The days are getting shorter — and when Daylight Savings Time ends on Sunday, they’ll be even shorter — and the nights are getting colder. Memphis winters tend to be milder than those in many other parts of the country, but every year, there are nights when the temperatures drop far below what is comfortable. On many of them, space heaters and extra layers simply aren’t enough.

As a Memphis bankruptcy lawyer, I believe utilities are a financial issue. I’ve met so many people who are afraid to turn on their heaters, even when they truly need them, because of money.

If you’re living paycheck to paycheck and struggling to make ends meet, utilities can be a make or break situation.
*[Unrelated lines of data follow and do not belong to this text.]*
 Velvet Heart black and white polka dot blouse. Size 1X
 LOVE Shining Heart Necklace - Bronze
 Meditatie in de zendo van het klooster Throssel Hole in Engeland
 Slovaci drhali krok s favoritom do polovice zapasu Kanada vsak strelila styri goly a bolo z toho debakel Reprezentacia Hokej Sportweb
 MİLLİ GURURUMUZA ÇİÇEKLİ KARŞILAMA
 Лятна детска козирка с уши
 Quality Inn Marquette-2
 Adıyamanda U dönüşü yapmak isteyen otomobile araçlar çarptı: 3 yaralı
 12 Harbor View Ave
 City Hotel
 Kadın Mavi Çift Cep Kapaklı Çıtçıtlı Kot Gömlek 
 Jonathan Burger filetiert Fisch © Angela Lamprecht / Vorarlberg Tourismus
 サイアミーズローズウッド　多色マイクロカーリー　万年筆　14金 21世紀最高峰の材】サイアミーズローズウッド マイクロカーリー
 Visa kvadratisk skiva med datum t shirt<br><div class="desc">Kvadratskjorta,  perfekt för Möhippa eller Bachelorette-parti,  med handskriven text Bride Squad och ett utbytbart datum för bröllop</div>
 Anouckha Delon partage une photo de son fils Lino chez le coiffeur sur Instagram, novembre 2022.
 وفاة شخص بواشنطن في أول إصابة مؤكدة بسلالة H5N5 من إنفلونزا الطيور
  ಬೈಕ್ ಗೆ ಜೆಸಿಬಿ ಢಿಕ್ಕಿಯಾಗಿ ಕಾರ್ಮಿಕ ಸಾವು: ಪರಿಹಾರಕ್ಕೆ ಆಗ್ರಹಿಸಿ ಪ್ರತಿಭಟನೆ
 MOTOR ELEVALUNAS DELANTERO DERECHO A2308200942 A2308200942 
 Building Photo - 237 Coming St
In a report released last year, the Energy Information Administration found that nearly a third of U.S. households struggled to pay their energy bills. Those households dealt with the financial obstacles in different ways. 10% of them kept homes at unsafe temperatures. Others forewent other necessities, making the tough choice to reduce food or avoid paying for medical costs just to keep the energy on. For many, it was an ongoing issue. “Of the 25 million households that reported forgoing food and medicine to pay energy bills, 7 million faced that decision nearly every month,” the report stated.

If you’re struggling to pay utilities, bankruptcy can help.

Bankruptcy was created precisely to give people struggling with debt, including utility bills, a fresh financial start and a clear path forward. There are different types of bankruptcy, and both of them can help with utility bills.

A Chapter 7 bankruptcy allows you to get rid of dischargeable debt, including credit card debt, medical debt, and utilities. At the end of your bankruptcy, any utility debt will be discharged, which means completely eliminated.

The other type of bankruptcy is a Chapter 13. This type consolidates mortgages and car payments into affordable monthly payments spread out over three to five years. In most cases, your utility debt will be lumped into that repayment plan. You will have to keep up with current utility payments during the Chapter 13.

Talk to a Memphis bankruptcy lawyer today.

If you’re unable to pay your utility bills this winter, it’s indicative of a larger problem. I’ve been working as a Memphis bankruptcy lawyer for more than 30 years, and I know that debt is not something that goes away on its own.